- Work instruction:
Locate "1-1355181-8 连接器CONN RCPT 8POS IDC 22AWG TIN" in the data below, then output the line it is on and all following lines through the last, word for word. Skip any pictures.

Image-text web data
● ● ● ● ● ● ●

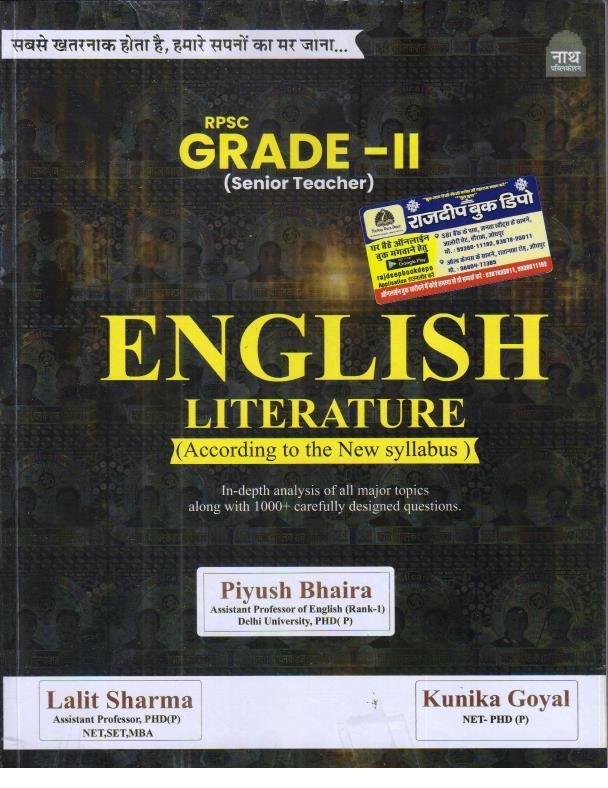 NATH 2nd GRADE ENGLISH LITERATURE BY KUNIKA GOYAL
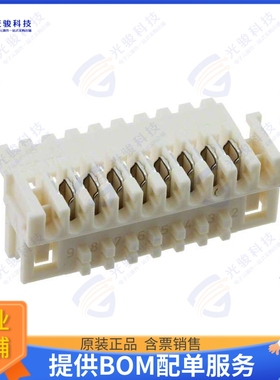1-1355181-8 连接器CONN RCPT 8POS IDC 22AWG TIN
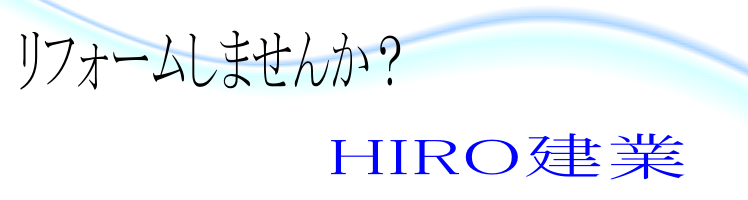 北海道・札幌でリフォームするなら　HIRO建業にお任せ！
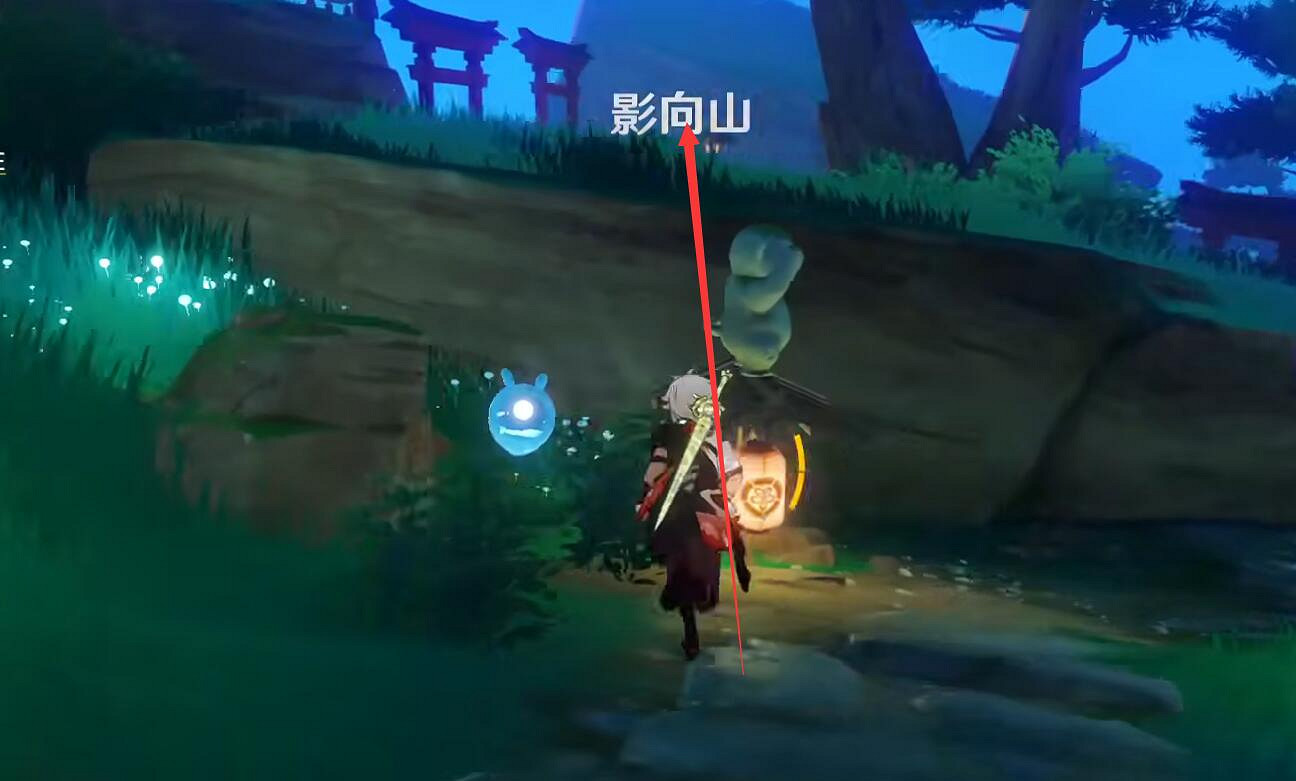 《原神》神櫻大祓第一個結界破除方法 《原神》神櫻大祓第一個結界破除方法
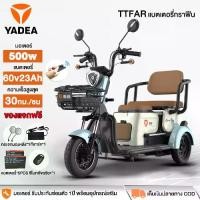 ราคา YADEA รถไฟฟ้าผู้ใหญ่3ล้อ รถสามล้อไฟฟ้า 500W แบตเตอรี่ของกราฟีน60V23AH รถมอเตอร์ไซค์ไฟฟ้าสามล้อ รถยนต์ไฟฟ้า รับประกัน1ปี (1731255957834663119)
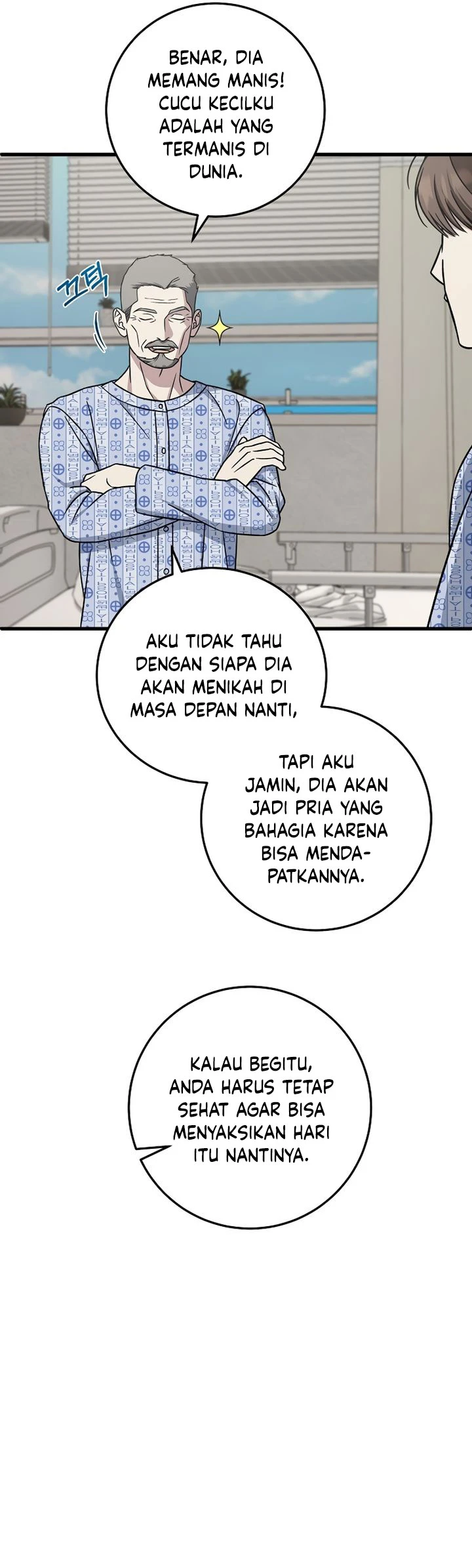 Read This Is The Law ID Manga Online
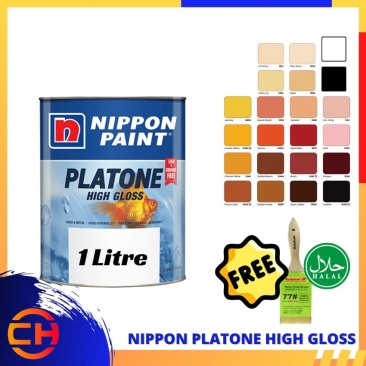 NIPPON PLATONE HIGH GLOSS WOOD & METAL PAINT [1 LITRE]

● ● ● ● ● ● ●

- Exercise solution:
1-1355181-8 连接器CONN RCPT 8POS IDC 22AWG TIN
 北海道・札幌でリフォームするなら　HIRO建業にお任せ！
 《原神》神櫻大祓第一個結界破除方法 《原神》神櫻大祓第一個結界破除方法
 ราคา YADEA รถไฟฟ้าผู้ใหญ่3ล้อ รถสามล้อไฟฟ้า 500W แบตเตอรี่ของกราฟีน60V23AH รถมอเตอร์ไซค์ไฟฟ้าสามล้อ รถยนต์ไฟฟ้า รับประกัน1ปี (1731255957834663119)
 Read This Is The Law ID Manga Online
 NIPPON PLATONE HIGH GLOSS WOOD & METAL PAINT [1 LITRE]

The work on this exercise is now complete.